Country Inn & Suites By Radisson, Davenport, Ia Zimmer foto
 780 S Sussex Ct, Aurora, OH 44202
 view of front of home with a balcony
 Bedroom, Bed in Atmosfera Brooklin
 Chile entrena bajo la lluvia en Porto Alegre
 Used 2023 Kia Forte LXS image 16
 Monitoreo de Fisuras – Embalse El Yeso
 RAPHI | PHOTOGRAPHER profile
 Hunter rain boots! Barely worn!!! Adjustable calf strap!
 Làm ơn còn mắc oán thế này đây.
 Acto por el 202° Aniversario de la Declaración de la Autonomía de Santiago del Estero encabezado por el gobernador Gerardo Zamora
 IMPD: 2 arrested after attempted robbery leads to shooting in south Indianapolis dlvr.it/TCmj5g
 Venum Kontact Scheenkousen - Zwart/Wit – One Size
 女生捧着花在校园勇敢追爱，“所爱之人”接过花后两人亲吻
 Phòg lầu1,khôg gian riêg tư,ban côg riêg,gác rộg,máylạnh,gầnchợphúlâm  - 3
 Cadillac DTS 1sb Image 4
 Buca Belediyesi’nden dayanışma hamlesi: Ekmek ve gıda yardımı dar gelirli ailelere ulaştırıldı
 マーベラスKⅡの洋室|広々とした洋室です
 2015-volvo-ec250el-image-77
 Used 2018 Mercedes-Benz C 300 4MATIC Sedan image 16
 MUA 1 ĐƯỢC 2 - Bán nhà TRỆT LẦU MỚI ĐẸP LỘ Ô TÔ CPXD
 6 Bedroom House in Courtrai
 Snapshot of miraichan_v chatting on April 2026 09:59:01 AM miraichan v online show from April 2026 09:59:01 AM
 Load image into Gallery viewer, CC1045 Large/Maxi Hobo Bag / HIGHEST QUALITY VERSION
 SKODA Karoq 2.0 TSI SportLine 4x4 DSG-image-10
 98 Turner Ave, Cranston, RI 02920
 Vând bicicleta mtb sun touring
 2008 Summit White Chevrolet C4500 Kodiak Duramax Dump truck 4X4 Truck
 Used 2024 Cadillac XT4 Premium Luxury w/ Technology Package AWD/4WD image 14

########

• **PROBLEM TO SOLVE**: Please tally the lines above that contain "Cadillac" and report nothing but the total.

• **TASK ANSWER**: 2